Subject, verb and object: all in the mind

July 4, 2009

Psyblog states:

It seems likely that this left to right bias has its roots in language (although not everyone agrees, cf. Chatterjee, 2001). Evidence for this comes from people who speak languages written from right to left like Arabic or Urdu who, sure enough, display the same bias, but in the opposite direction.

There is another left to right bias in the basic syntax of language: the vast majority of languages describe events in the order subject, verb, object (with the notable exception of the passive tense).

Together these two facts mean we not only look to the left first, but we also expect the subject to be on the left, and the object to its right. Subjects are by definition active ‘do-ers’ while objects are the passive receivers of the do-ers’ actions.

With the metaphysical notion of time, we have constructed the concepts of causation, subject, action/force, and object. Objectivity (‘what’)  is supposedly represented by the sciences, whereas subjectivity (‘how’) is the domain of personal interpretation and relation. While Hume took an axe to causation, Nietzsche blew up the roots of these distinctions with dynamite, declaring that objectivity itself is but a subjective misinterpretation that we cannot live without. Pragmatists such as John Dewey and William James deflated the whole bloated philosophical tradition of ontology and epistemology, and focused on what mattered most, namely human needs. I follow in their footsteps and maintain that we should use these categories wisely.

We see ourselves (subject) as acting on the world (object) in time. We therefore assume that we are agents with ‘free will’. From a utilitarian viewpoint this is best. However, it may shadow the way in which the world acts on us. We may not recognise how culture can dominate our decisions and actions, and in such moments we are not truly free. We may become slaves to our narrow-minded way of viewing the world.

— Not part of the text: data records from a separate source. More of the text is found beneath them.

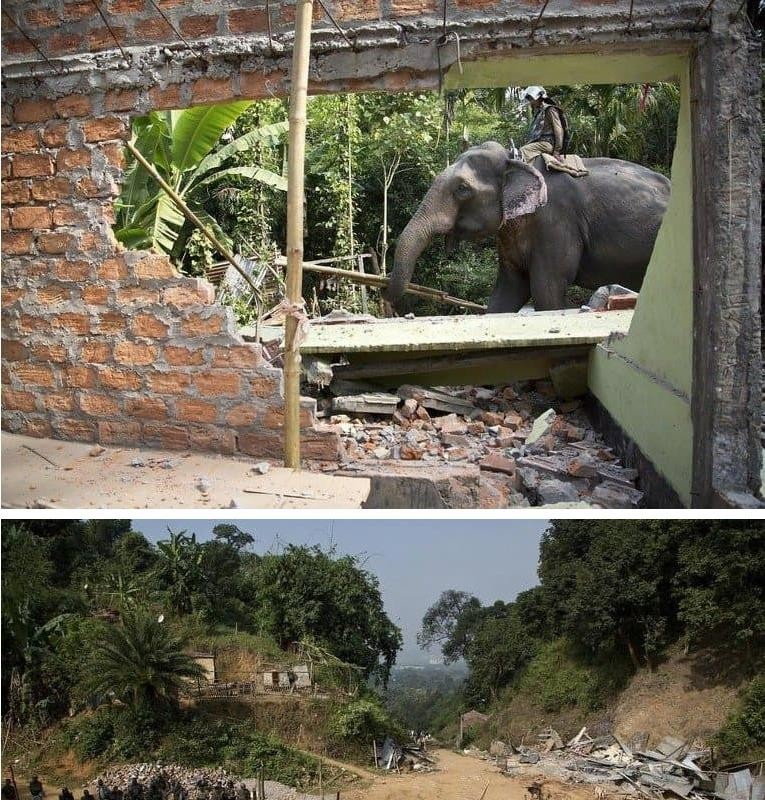 Elephants Demolishing Illegal Buildings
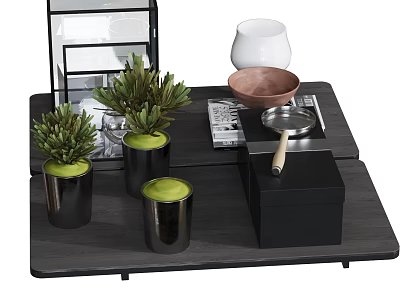 Decorative Ornament Set Featuring Green Plants Black Pots White Cup Brown Bowl On Dark Tray 3d model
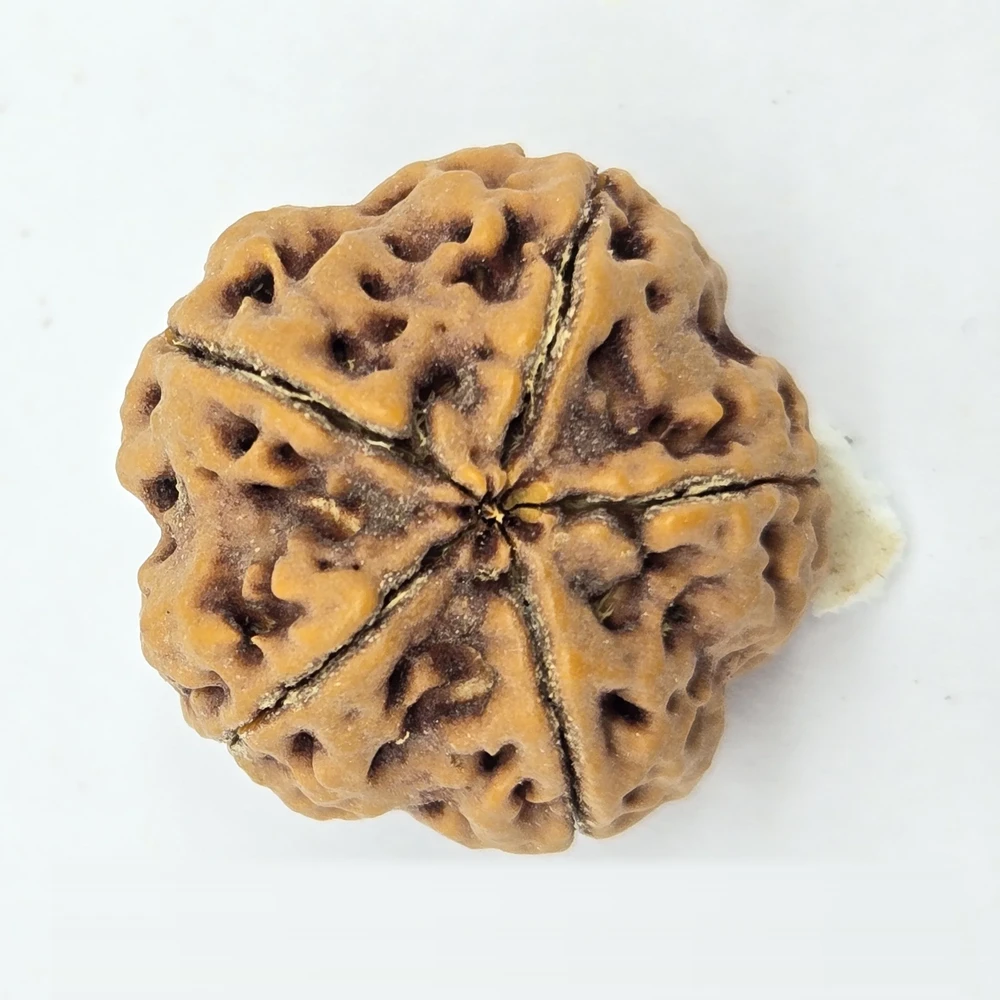 5 Mukhi Rudraksha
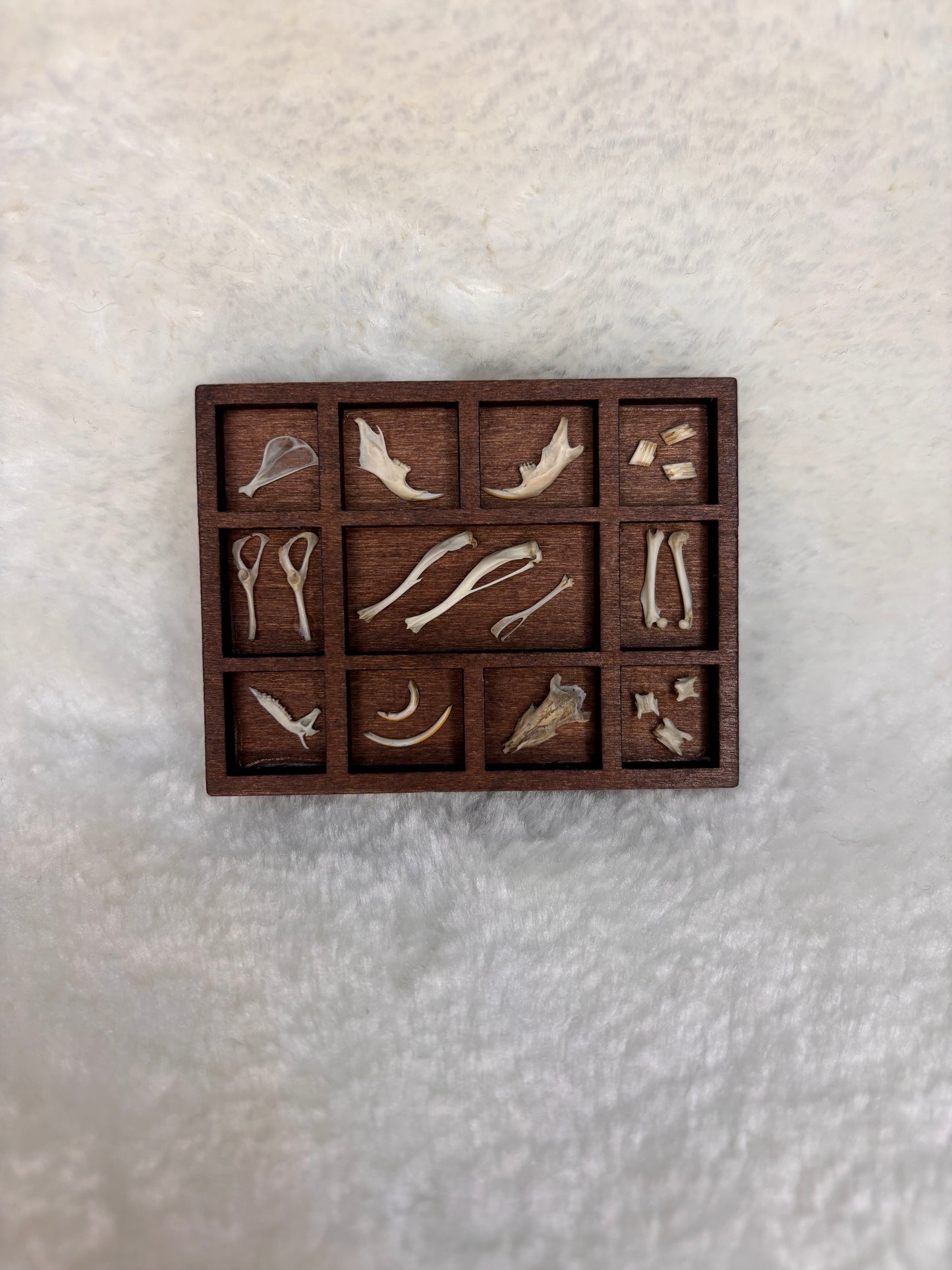 Mini Curio Display #14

Philosophy, such as that from Hume and Nietzsche, can set you free, but you have to be ready for the initally uncomfortable journey. Your cherished assumptions will be exposed as dogma, your values will be overhauled, and you will be left in the wilderness for a while. But then you can go back into the world and create your own meanings and values on a solid foundation. In doing so you will experience the joy of a free spirit.

The ends of philosophy

June 24, 2009

Knowledge, if Dr Dewey is right, cannot be any part of the ends of life; it is merely a means to other satisfactions. This view, to those who have been much engaged in the pursuit of knowledge, is distasteful.

Bertrand Russell implies that means are ‘mere’ in this case, obviously for rhetorical effect; as if the journey was always so unimportant and disappointing compared to the destination. He is mistaken in thinking that philosophy must have its ends in itself in order for the philosopher to have any joy along the way.

Bertie finds Dewey’s view of knowledge as serving pragmatic ends distasteful, and admits that he could be illogical in thinking so. He never bluntly says why he finds such a view distasteful, but, as one could easily imagine, it would wreak havoc on the self-image of a earnest, self-important philosopher who engaged in academic, artificial puzzles that rarely bore any pragmatic fruit.

Bertie should have been more philosophical in considering the ends of philosophy, rather than letting his ego get in the way. We might have had something of significance from him, instead we get only a preacher to those converted to his speculative, pointless way of life.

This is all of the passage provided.